• WHAT TO PRODUCE
Lines with "Week": copy each one from the listing below.

╭─ INPUT DATA

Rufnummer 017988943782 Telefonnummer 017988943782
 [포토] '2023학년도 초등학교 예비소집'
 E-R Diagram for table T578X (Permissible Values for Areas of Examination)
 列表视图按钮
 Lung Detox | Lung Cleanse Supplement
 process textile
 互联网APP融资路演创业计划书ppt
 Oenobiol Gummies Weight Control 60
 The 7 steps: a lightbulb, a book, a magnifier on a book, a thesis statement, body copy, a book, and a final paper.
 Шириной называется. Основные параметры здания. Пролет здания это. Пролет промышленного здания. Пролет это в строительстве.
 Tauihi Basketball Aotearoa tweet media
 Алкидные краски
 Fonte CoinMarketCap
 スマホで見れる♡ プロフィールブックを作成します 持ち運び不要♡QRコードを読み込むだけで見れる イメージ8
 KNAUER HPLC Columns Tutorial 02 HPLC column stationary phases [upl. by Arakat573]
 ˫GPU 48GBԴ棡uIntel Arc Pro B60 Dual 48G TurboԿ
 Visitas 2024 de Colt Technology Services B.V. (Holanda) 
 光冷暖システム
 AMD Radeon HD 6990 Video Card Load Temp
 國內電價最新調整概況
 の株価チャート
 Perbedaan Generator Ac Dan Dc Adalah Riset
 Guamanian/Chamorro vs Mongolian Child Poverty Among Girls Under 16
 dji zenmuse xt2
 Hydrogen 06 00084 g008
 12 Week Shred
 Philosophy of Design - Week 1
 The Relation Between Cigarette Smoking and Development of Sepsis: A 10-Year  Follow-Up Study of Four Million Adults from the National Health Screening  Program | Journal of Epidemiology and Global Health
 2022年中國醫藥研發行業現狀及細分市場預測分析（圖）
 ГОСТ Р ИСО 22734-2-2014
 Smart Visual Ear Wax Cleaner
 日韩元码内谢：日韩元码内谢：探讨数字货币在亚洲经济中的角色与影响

╰─

• RESULT FOR THIS TASK
 12 Week Shred
 Philosophy of Design - Week 1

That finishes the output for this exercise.